第2章 頼るべきは友
第6話 おぱ声が長年の疑問を解決してくれた
翌日。朝から頭が疲れていた。
昨日、いろいろありすぎたせいだ。
おっぱいの声が聞こえるとか意味わからん。塩対応の幼なじみの本音も衝撃だったし。
昨日は悶々としていたので、気分転換にイラストを見まくった。
トリッターで、『#いいおっぱいの日』で検索するといいことあるよ。いいおっぱいだけに多幸感はハンパない。
お気に入りのイラストレーターさんの絵も最高だった。
らぶすかいさんというのだけれど、おっぱい絵がどちゃくそしこれる。おっぱいの質感は気合いが入っていて、神だと思っている。
あれでプロでないのが不思議なぐらい。
ならば、パイオツ星人ウイング様が育ててみせよう。
すばらしいイラストを思い出していたら、元気が出てきた。
さわやかな気分で家を出る。
うちは一戸建てで、
学校に行くには双空の家の前を通る必要があるのだが。
「そ、双空。今日も奇遇だな」
「べ、別に」
双空さん、塩対応のテンプレゼリフを決める一方で。
『翔、13時間と14分59秒ぶりに会えて、寂しかったよぉ。今日も、すこ。すこのすこ』
朝からデレまくっていた。
『いつもより9分28秒、遅いんだけど、翔、なにかあったのかな? 眠そうだし。
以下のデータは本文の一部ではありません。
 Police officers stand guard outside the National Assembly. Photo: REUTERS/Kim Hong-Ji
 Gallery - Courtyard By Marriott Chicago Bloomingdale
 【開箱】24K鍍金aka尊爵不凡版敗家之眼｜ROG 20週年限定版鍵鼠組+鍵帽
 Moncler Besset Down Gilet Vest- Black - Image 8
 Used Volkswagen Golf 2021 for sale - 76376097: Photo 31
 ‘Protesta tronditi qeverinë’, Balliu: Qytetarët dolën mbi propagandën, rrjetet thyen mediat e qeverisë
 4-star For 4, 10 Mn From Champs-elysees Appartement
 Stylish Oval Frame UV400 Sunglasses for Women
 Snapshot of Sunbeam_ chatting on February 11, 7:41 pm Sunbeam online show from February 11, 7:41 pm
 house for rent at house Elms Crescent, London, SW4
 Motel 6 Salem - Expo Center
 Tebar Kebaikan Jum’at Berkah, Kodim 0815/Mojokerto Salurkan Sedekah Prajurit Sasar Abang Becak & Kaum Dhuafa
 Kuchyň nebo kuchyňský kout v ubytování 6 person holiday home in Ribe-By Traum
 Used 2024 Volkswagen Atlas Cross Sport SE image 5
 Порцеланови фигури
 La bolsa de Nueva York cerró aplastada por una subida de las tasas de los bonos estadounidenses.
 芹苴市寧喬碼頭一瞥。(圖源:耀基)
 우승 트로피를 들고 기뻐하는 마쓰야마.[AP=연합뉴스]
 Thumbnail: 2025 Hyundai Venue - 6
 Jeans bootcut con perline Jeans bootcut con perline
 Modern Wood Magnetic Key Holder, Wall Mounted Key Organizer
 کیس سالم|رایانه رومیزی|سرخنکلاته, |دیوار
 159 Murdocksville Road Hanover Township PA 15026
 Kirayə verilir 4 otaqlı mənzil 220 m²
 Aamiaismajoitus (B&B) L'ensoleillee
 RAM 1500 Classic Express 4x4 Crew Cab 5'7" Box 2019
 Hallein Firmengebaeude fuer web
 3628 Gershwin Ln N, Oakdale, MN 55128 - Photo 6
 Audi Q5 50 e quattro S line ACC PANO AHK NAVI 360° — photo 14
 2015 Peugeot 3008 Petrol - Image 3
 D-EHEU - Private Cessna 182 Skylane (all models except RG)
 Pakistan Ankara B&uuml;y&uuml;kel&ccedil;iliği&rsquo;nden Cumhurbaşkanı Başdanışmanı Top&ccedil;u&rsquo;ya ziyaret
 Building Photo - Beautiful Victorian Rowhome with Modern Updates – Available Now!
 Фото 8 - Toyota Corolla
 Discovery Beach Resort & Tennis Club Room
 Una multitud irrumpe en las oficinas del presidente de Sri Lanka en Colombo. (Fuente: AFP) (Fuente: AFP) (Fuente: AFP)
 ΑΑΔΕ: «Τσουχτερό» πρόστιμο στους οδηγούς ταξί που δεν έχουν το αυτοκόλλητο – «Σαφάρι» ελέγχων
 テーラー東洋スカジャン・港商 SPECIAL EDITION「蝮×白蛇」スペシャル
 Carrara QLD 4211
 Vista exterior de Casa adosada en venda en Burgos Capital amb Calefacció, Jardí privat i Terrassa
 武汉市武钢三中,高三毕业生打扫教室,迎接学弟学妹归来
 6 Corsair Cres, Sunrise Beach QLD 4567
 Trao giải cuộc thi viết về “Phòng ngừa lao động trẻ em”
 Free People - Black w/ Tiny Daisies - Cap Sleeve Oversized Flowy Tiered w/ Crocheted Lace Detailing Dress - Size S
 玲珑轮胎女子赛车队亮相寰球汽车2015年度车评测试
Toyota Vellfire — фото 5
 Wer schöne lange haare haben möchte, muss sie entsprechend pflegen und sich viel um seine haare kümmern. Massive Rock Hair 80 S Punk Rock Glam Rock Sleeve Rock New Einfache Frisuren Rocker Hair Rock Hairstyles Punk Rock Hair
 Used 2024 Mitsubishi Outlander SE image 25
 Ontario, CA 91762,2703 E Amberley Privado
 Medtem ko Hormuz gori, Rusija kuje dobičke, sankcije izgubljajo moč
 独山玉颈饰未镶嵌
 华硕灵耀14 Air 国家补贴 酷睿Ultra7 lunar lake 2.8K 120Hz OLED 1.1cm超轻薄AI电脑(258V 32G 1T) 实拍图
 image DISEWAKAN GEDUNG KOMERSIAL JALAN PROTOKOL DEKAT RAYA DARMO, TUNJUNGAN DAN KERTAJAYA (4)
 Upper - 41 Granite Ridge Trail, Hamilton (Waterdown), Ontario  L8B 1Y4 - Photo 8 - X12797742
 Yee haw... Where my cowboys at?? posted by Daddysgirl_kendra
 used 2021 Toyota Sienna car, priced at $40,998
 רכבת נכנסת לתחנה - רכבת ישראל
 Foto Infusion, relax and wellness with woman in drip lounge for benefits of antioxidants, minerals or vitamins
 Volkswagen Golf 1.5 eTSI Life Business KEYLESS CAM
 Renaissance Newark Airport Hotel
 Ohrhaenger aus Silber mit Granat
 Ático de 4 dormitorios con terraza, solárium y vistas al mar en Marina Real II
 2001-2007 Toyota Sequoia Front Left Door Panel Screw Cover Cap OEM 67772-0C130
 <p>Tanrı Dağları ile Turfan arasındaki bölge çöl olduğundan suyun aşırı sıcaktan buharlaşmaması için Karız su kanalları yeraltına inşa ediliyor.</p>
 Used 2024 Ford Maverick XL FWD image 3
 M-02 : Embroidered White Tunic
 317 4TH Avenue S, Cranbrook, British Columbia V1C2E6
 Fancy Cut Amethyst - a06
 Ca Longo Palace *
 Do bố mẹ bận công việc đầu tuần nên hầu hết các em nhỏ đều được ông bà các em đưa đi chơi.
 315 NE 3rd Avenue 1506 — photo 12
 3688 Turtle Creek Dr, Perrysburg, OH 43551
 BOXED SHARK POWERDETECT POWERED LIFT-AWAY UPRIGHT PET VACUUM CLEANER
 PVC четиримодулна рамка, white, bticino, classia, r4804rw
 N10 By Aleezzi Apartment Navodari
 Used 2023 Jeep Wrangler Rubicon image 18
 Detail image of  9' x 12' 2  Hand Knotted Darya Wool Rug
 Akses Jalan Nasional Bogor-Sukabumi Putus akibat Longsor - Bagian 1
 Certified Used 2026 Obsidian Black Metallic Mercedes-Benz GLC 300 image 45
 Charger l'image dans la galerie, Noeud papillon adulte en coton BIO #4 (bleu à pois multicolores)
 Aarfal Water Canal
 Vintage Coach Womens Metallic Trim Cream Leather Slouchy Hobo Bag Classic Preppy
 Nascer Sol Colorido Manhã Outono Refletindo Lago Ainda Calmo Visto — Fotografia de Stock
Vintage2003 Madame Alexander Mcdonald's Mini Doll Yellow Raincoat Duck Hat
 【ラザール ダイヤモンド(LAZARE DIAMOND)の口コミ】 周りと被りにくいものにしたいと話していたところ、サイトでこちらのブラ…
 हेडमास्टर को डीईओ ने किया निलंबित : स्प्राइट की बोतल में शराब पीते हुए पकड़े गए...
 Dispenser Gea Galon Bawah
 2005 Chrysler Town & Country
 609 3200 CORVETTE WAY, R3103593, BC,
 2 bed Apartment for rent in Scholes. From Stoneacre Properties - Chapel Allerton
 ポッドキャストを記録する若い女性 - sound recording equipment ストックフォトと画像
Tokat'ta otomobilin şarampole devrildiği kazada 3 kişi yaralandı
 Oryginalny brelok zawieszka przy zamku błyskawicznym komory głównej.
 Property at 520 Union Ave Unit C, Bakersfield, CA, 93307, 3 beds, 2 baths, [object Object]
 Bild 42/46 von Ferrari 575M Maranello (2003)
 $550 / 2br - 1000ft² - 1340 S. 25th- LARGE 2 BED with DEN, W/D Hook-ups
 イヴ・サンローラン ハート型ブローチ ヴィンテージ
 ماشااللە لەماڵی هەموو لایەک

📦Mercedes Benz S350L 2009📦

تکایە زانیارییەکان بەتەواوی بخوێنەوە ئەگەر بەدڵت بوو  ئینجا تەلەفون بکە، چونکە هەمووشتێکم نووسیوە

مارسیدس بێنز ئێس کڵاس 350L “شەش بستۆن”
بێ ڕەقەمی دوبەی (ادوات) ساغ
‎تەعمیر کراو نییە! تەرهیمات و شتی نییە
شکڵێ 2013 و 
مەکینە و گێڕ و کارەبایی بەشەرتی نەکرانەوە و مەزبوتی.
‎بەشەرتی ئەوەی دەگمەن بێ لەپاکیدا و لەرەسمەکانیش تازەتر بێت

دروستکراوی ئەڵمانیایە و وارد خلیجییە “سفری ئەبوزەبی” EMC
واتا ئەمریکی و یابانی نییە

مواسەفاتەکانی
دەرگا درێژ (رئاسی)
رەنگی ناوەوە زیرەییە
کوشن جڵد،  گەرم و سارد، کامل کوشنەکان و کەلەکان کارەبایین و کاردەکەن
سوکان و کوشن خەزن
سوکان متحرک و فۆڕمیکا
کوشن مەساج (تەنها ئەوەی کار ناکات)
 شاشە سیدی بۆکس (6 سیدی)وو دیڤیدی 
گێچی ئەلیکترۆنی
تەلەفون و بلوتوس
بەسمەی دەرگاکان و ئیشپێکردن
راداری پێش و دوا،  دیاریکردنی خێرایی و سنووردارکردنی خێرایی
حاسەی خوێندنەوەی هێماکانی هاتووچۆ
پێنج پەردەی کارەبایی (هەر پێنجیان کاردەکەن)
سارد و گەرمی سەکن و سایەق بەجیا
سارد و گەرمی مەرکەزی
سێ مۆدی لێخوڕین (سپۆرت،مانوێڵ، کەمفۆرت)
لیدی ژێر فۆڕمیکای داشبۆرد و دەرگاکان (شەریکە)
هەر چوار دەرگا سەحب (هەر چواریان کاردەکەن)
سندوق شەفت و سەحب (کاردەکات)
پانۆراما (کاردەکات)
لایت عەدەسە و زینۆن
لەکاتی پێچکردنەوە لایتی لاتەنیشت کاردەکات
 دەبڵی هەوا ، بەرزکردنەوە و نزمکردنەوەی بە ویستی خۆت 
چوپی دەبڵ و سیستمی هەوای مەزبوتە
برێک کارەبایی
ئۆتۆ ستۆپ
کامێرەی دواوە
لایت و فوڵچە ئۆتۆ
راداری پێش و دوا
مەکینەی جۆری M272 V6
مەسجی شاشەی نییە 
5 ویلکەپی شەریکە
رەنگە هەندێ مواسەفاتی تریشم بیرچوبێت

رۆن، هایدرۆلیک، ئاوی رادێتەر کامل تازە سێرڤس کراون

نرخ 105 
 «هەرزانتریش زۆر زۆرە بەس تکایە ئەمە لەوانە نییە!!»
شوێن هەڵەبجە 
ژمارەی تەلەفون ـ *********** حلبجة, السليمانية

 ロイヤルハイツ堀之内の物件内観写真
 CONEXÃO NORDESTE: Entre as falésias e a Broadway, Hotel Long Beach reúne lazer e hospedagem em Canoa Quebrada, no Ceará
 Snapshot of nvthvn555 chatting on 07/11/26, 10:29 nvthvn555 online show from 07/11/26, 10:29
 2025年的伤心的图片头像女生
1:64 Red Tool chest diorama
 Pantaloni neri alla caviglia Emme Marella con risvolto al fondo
おっぱい枕してあげたいなぁ』
(おっぱい枕ですって!)
ぜひともお願いしたい。
まあ、塩対応の仮面がある以上は、絶対にさせてくれないだろうけど。
ところで。
おっぱいの声のおかげで、長年の疑問が解決した。
双空が塩対応をするようになって以来、僕たちの関係は疎遠だった。
互いの家で遊ぶこともなくなったし、学校でも話さない。
それでも、通学だけは一緒だった。
僕が家を出ると、必ず双空が家の前にいるのだ。
しかも、偶然を装って。
僕が寝坊しても。
早めに家を出ても。
台風が来そうな天気でも。
偶然にしてはできすぎだと思っていたが、塩対応の幼なじみが僕を待っているはずはない。
そう思って、偶然で無理やり納得させていたんだ。
はからずも、おっぱいの声、略して、おぱ声で真実が明かされるとは。
(おっぱいは名探偵なんじゃね?)
双空さん、僕と一緒に探偵しません?
推理を披露するとき、双空さんは眠って、おっぱいにすべてを教えてもらう。
僕が双空さんの陰に隠れて、おっぱいの推理を人に伝えればいい。
名探偵おっぱい。ちょっとエッチなマンガにしたらワンチャン売れそう。
「翔、なにしてるの。学校行くよ」
「お、おう」
「あたし、勝手に学校行くから」
『翔、放置プレイ好きなの? 一緒にイキたいのに。あっ、妄想が止まらない。はぁぁん、イクっ、イクっ❤❤❤❤❤❤』
双空さん、澄ました顔をして、大変エロいことを考えておりますな。
ふと、思い出した。
あれは小2のときだった。双空と学校に行こうと彼女の家の前で待っていたことがある。
彼女は来るやいなや。
『翔、がっこうにいくのって、おとなだよね?』
『へっ?』
小1になりたての頃だったが、幼稚園児に比べて大人感はあったかもしれないが。
『だってぇ』
双空は目をとろけさせて。
『らめぇぇっっ! イグぅ❤ イグぅーッ❤ イグぅぅぅぅぅぅぅぅぅぅぅぅぅぅっっっっっっっっっっっっっっっっっっっっっっっっっっっっっっっっっっっっっっっっっ!』
ビクンビクン。
僕の手を握ったまま、事後の顔で痙攣したのである。
朝の通学路。大学生ぐらいのお姉さんが通りかかって、微笑ましい目を向けられたのだった。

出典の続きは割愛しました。